As the 80s progressed into the next decade, Brown continued to flex his artistic muscle. A well-received concert album enabled him a chance to pay homage to his early influences, like the incomparable Otis Redding, and his hero George Jones, who he teamed up with on several projects, including the CMA Award-winning Vocal Event of the Year release, “I Don’t Need Your Rockin’ Chair.”

It was a gripping 1998 release about his battles with alcohol – “Wine Into Water”- which helped him introduce his music to the Christian audiences. This iconic song has been recorded by over a hundred artists, most recently by Loretta Lynn, on her critically acclaimed project, Full Circle.

In recent years, his first-ever Gospel album, Forever Changed, netted him a Grammy nomination, with the promise of more such music on the way. A collaboration from the disc, “He’ll Take Care of You,” paired him with Country Music Hall of Famer Vince Gill.

Now entering his fifth decade as an entertainer, T. Graham Brown continues to branch out in his career. Before moving to Nashville in 1982, he made a few cameos in feature films, including 1977’s Greased Lightning with Richard Pryor. More recently, he’s started acting again, and his colorful personality can be seen in such films as Saving Samuel and Ticket To Nashville. He is also featured in the television series The Dream Motel, which contains a unique premise.

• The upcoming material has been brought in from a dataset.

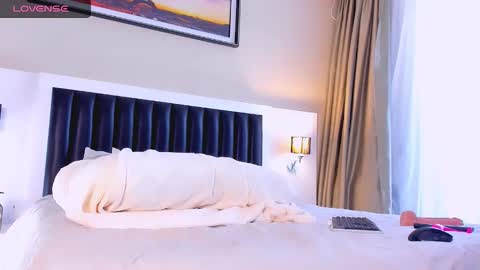 Mari online show from 11/23/25, 07:08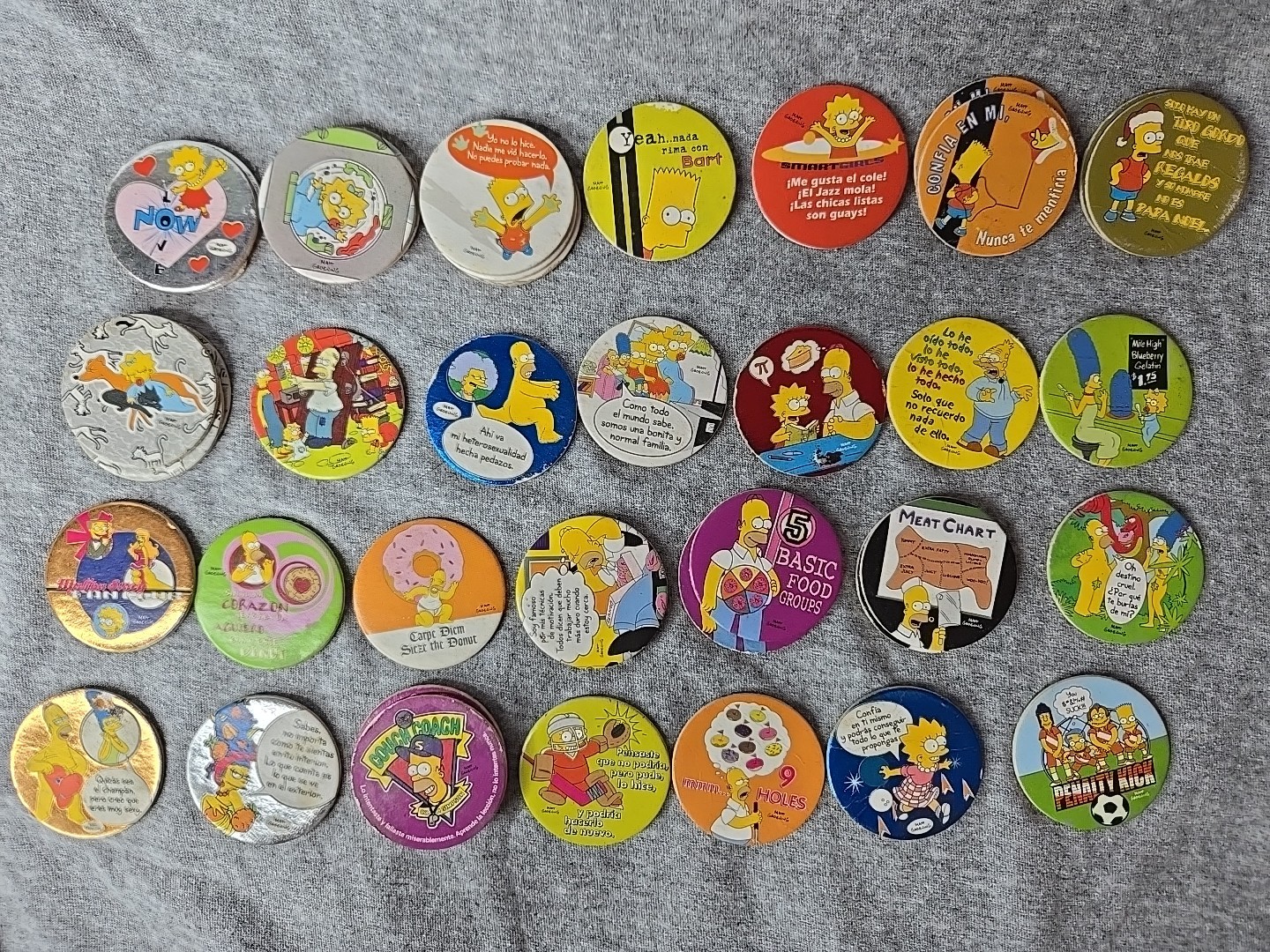 The Simpsons Pickers Lot Of 102 Pogs Tazos Magic Box 2005 Espanol / Ingles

“It’s a Christian-based Fantasy Island meets The Twilight Zone,’ says the artist known affectionately as His T-Ness. “Guests at The Dream Motel find themselves face to face with their past, their present and their future. All things are possible for guests at The Dream Motel.”

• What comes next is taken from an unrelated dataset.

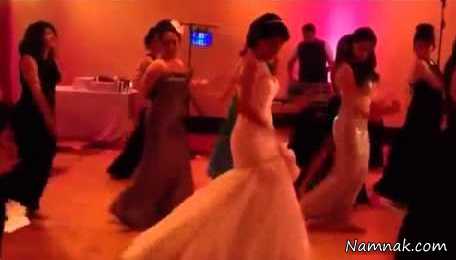 خوانندگی و رقص گروهی عروس با دیگران ، خوانندگی عروس در عروسی ، خوانندگی عروس برای داماد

He even acted in the stage play, A Scattered, Smothered, Covered Christmas, the Waffle House Musical, where “Wine Into Water” was chosen for the score.

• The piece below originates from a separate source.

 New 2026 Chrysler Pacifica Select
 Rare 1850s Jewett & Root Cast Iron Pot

That being said, there’s not much that Brown would change. His career continues to sail along at a pace that seems to suit him well these days.

“I’m having more fun out there now than I ever have had. I’m not out there chasing the hits. I’m just trying to stay out there. We’re planning on doing another Gospel record later this year. I’m doing some acting, which I am enjoying. I’m no great actor, but as long as they keep calling me, I’ll keep doing it. It’s a lot of fun.”

And, for T. Graham Brown, it’s all about a career that he enjoys. He’ll tell you with a grin, “I’ve got a band and a bus, and I’ll keep taking the music to the people as long as God lets me. It’s what I love to do!”